I agree.  I do however fear about everything using O_DIRECT that is
around now.  Less so about the databases and HPC workloads on expensive
hardware because they usually run on vendor approved scsi disks that
have the write back cache disabled, but rather things like
virtualization software or other things that get run on commodity
hardware.

Then again they already don't get what they expect and never did,
so if we clear document and communicate the O_SYNC (that is Linux
O_SYNC) requirement we might be able to go with this.

> Perhaps in the same way that fsync/fdatasync aren't clear on disk
> cache behaviour either.  On Linux and some other OSes.

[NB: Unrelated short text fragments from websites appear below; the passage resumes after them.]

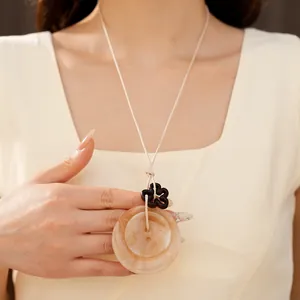Détail d'un collier avec pendentif circulaire en acrylique et fleur noire sur cordon beige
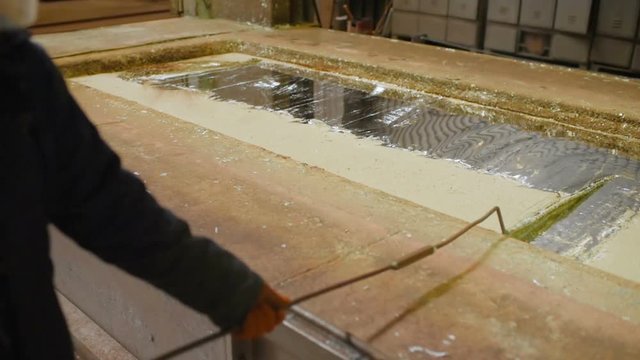 hot dip galvanizing. Industrial worker against the background of a bath with liquid zinc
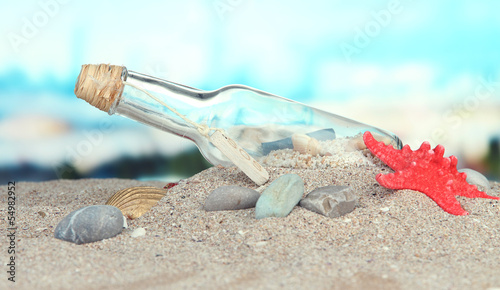 Glass of bottle with note inside on bright blue background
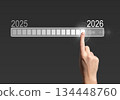 Loading bar progress. Female hand touching digital screen, symbol of 2025 to 2026 transition, 134448760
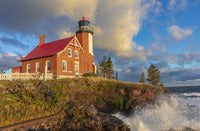 Historic Eagle Harbor Lighthouse Poster Print by Chuck Haney featuring serene lake and lighthouse.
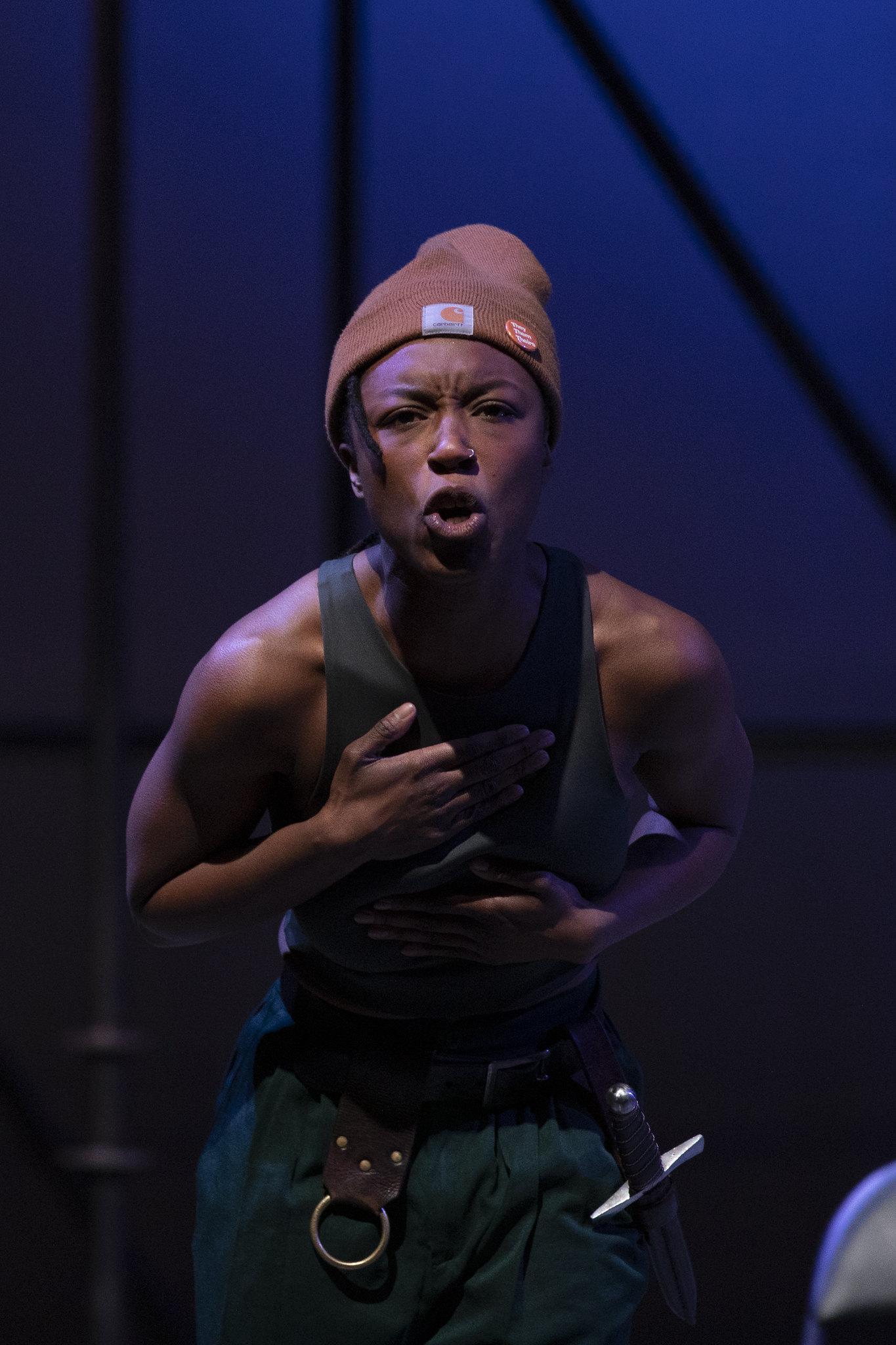 a black woman with a hat on a stage staring ahead. SHe has an intense look on her face.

The disk write cache really is an implementation detail, it has no
business in Posix.

Posix seems to define the semantics for fdatasync and cor relatively
well (that is if you like the specification speak in there):

"The fdatasync() function forces all currently queued I/O operations
 associated with the file indicated by file descriptor fildes to the
 synchronised I/O completion state."

"synchronised I/O data integrity completion

 o For read, when the operation has been completed or diagnosed if
   unsuccessful. The read is complete only when an image of the data has
   been successfully transferred to the requesting process. If there were
   any pending write requests affecting the data to be read at the time
   that the synchronised read operation was requested, these write
   requests shall be successfully transferred prior to reading the
   data."
 o For write, when the operation has been completed or diagnosed if
   unsuccessful. The write is complete only when the data specified in the
   write request is successfully transferred and all file system
   information required to retrieve the data is successfully transferred."

Given that it talks about data retrievable an volatile cache does not
seem to meet the above criteria.  But yeah, it's a horrible language.

> What does IRIX do?  Does O_DIRECT on IRIX write through the drive's
> cache?  What about Solaris?

IRIX only came pre-packaged with SGI MIPS systems.  Which as most of
the more expensive hardware was not configured with write through
caches.  Which btw is still the case for all more expensive hardware
I have.  The whole issue with volatile write back cache is just too
much of a data integrity nightmare as that you would enable it where
your customers actually care about their data.